Task prompt: All that is needed is every record, duplicated exactly.

::: Record set

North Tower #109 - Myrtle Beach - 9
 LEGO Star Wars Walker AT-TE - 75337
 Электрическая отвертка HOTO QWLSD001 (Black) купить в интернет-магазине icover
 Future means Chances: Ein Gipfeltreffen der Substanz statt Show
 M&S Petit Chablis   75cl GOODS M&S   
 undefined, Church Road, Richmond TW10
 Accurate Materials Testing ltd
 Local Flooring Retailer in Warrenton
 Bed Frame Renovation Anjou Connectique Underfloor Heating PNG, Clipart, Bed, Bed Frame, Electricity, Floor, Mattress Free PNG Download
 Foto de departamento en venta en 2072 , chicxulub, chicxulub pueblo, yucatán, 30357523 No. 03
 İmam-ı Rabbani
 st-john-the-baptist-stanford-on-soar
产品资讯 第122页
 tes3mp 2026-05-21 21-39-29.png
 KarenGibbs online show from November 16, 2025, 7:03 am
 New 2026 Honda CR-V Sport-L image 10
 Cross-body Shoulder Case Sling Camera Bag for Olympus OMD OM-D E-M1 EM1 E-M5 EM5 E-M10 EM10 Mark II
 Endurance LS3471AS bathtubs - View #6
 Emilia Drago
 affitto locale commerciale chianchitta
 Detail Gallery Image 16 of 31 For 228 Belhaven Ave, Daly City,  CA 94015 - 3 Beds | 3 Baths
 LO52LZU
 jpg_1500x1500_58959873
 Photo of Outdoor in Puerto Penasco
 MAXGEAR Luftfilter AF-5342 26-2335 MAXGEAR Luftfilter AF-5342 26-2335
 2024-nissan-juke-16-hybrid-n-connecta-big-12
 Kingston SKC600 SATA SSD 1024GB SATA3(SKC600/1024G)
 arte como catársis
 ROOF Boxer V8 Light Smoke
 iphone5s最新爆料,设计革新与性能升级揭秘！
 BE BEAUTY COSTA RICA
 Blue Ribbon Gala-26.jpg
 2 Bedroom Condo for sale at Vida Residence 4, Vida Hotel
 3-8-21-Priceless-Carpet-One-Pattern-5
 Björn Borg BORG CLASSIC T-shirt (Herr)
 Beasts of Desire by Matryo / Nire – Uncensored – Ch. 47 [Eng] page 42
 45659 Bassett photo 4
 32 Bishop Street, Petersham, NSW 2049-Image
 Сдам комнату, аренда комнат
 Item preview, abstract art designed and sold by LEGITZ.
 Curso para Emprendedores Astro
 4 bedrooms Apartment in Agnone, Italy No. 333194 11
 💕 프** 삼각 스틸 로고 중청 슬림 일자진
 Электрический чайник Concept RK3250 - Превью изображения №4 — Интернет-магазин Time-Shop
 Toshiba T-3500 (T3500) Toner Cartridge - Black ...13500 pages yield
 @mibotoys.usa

::::::

Output for this exercise:
North Tower #109 - Myrtle Beach - 9
 LEGO Star Wars Walker AT-TE - 75337
 Электрическая отвертка HOTO QWLSD001 (Black) купить в интернет-магазине icover
 Future means Chances: Ein Gipfeltreffen der Substanz statt Show
 M&S Petit Chablis   75cl GOODS M&S   
 undefined, Church Road, Richmond TW10
 Accurate Materials Testing ltd
 Local Flooring Retailer in Warrenton
 Bed Frame Renovation Anjou Connectique Underfloor Heating PNG, Clipart, Bed, Bed Frame, Electricity, Floor, Mattress Free PNG Download
 Foto de departamento en venta en 2072 , chicxulub, chicxulub pueblo, yucatán, 30357523 No. 03
 İmam-ı Rabbani
 st-john-the-baptist-stanford-on-soar
产品资讯 第122页
 tes3mp 2026-05-21 21-39-29.png
 KarenGibbs online show from November 16, 2025, 7:03 am
 New 2026 Honda CR-V Sport-L image 10
 Cross-body Shoulder Case Sling Camera Bag for Olympus OMD OM-D E-M1 EM1 E-M5 EM5 E-M10 EM10 Mark II
 Endurance LS3471AS bathtubs - View #6
 Emilia Drago
 affitto locale commerciale chianchitta
 Detail Gallery Image 16 of 31 For 228 Belhaven Ave, Daly City,  CA 94015 - 3 Beds | 3 Baths
 LO52LZU
 jpg_1500x1500_58959873
 Photo of Outdoor in Puerto Penasco
 MAXGEAR Luftfilter AF-5342 26-2335 MAXGEAR Luftfilter AF-5342 26-2335
 2024-nissan-juke-16-hybrid-n-connecta-big-12
 Kingston SKC600 SATA SSD 1024GB SATA3(SKC600/1024G)
 arte como catársis
 ROOF Boxer V8 Light Smoke
 iphone5s最新爆料,设计革新与性能升级揭秘！
 BE BEAUTY COSTA RICA
 Blue Ribbon Gala-26.jpg
 2 Bedroom Condo for sale at Vida Residence 4, Vida Hotel
 3-8-21-Priceless-Carpet-One-Pattern-5
 Björn Borg BORG CLASSIC T-shirt (Herr)
 Beasts of Desire by Matryo / Nire – Uncensored – Ch. 47 [Eng] page 42
 45659 Bassett photo 4
 32 Bishop Street, Petersham, NSW 2049-Image
 Сдам комнату, аренда комнат
 Item preview, abstract art designed and sold by LEGITZ.
 Curso para Emprendedores Astro
 4 bedrooms Apartment in Agnone, Italy No. 333194 11
 💕 프** 삼각 스틸 로고 중청 슬림 일자진
 Электрический чайник Concept RK3250 - Превью изображения №4 — Интернет-магазин Time-Shop
 Toshiba T-3500 (T3500) Toner Cartridge - Black ...13500 pages yield
 @mibotoys.usa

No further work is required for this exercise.